Alumni Engagement: Borr Vang ’12

29 March 2017

“Alumni Engagement” is a series of profiles on Carls who, thanks to the Center for Community and Civic Engagement, have nurtured a lifelong commitment to the public good.

To learn something meaningful is to carry it with you. For Borr Vang ’12, Carleton’s Center for Community and Civic Engagement was a home for meaningful learning.

Vang, a St. Paul native, has been active in service learning since elementary school. It was natural for her to become involved in the CCCE upon coming to Carleton. She sought out programs that aligned with her passion: education. Vang taught at Northfield Middle School Youth Center, read to children at the public library through the Caldecott Club, and tutored for Lamton and the Youth Tutoring program. 

“What I love about education is that it is a reciprocal relationship. The teacher is never done learning from the student. I may be helping a tutee on a math problem, but they help me understand their perspective and push me to be more creative when approaching a problem,” says Vang, a psychology major at Carleton.

“It is so important to take the time to reflect, take a step back from the specific volunteer task, and learn about the perspective of the ones receiving your help. We all have our own strengths and weaknesses, and civic engagement is an opportunity to learn from each other.”

What she does today: Vang works to help others afford what is invaluable to her. She is a senior financial aid counselor at St. Catherine University in St. Paul, where Vang collaborates with graduate students to make their education as affordable as possible. She draws in members from various departments on campus to unearth creative ways of realizing this goal. Together, they give life to visions of equity, willfully materializing opportunities for education through innovative partnerships.

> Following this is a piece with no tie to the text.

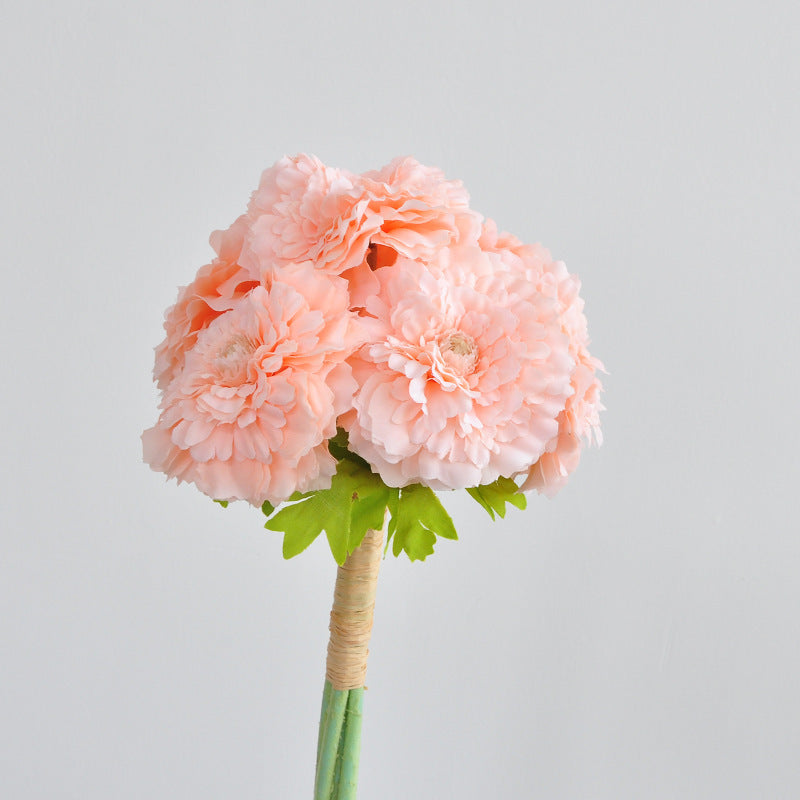 Faux Silk Marigold Bouquet, 12" Tall, Yellow/Magenta/Champagne - DIY Wedding, Home & Office Decor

Sparking her passion: “The CCCE gave me opportunities to go out into the community, to build relationships, to truly experienceto actually see. This informs the basis of the work I do now as I continue to collaborate with diverse populations. No matter how open-minded I am, I can always learn more. I can always be more understanding. There is always more room.”

Biggest lessons from CCCE: The values civic engagement fostered in Vang extend beyond the workplace. They remain at the heart of who she is today; they are integral to what it means for her to be a good human being in the world. 

“The CCCE gave me the opportunities to realize the principles I already believed would make me a decent human being. I believed I needed to be helpful, understanding, and open-minded. It’s not like I didn’t have those qualities before working with the CCCE, but the programs I participated in pushed my boundary of what each of these words meant to me.

“Civic engagement will always be a part of my life.”